Luz Charlie Hebdo, The main Charlie Hebdo visual artist to survive the slaughter of the magazine's staff is leaving the distribution, he says.
Renald Luzier was running late on the January day when two shooters burst into the mocking magazine's workplaces and killed the other five visual artists who worked for Charlie Hebdo.
Luzier then drew the French mocking magazine's first title page picture after the dangerous Islamist fear assault, demonstrating the Prophet Mohammed sobbing and saying "All is forgotten."
The cartoon prophet held a sign saying "Je suis Charlie," the trademark of the individuals who defended the magazine after the killings.
Luzier, who draws under the nom de plume Luz, said in a meeting with French daily paper Liberation that keeping on living up to expectations at Charlie Hebdo had turn out to be "a lot to bear."There was scarcely anybody departed to draw," he said in the meeting distributed on the daily paper's site late Monday. "I discovered myself doing three front pages out of four."
At the point when the first issue after the killings turned out, Luzier said he felt a feeling of "purification" in the wake of drawing the toon. At the same time, a month ago, he said he would no more draw the prophet, clarifying that he "became weary of him."
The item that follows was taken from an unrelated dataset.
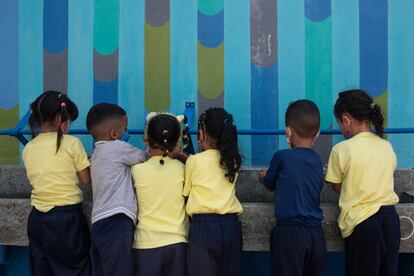 Niños de preescolar se lavan las manos  en el Colegio Unidad Educativa Fermin Toro.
Charlie Hebdo had a background marked by portraying and satirizing Mohammed - forbidden to some Muslims - and the shooters who completed the assault on the magazine were thought to be inspired by those parodies.Luzier, 43, advised Liberation that the choice to leave was "exceptionally individual" and that he needed "to reconstruct myself, to recapture control of my life."
"Completing every version is torment on the grounds that the others are no more. Spending restless evenings summoning the dead, pondering what Charb, Cabu, Honore, (and) Tignous would have done is depleting," he said, alluding to some of his killed associates.
Renald Luzier was running late on the January day when two shooters burst into the mocking magazine's workplaces and killed the other five visual artists who worked for Charlie Hebdo.
Luzier then drew the French mocking magazine's first title page picture after the dangerous Islamist fear assault, demonstrating the Prophet Mohammed sobbing and saying "All is forgotten."
The cartoon prophet held a sign saying "Je suis Charlie," the trademark of the individuals who defended the magazine after the killings.
Luzier, who draws under the nom de plume Luz, said in a meeting with French daily paper Liberation that keeping on living up to expectations at Charlie Hebdo had turn out to be "a lot to bear."There was scarcely anybody departed to draw," he said in the meeting distributed on the daily paper's site late Monday. "I discovered myself doing three front pages out of four."
At the point when the first issue after the killings turned out, Luzier said he felt a feeling of "purification" in the wake of drawing the toon. At the same time, a month ago, he said he would no more draw the prophet, clarifying that he "became weary of him."
Charlie Hebdo had a background marked by portraying and satirizing Mohammed - forbidden to some Muslims - and the shooters who completed the assault on the magazine were thought to be inspired by those parodies.Luzier, 43, advised Liberation that the choice to leave was "exceptionally individual" and that he needed "to reconstruct myself, to recapture control of my life."
"Completing every version is torment on the grounds that the others are no more. Spending restless evenings summoning the dead, pondering what Charb, Cabu, Honore, (and) Tignous would have done is depleting," he said, alluding to some of his killed associates.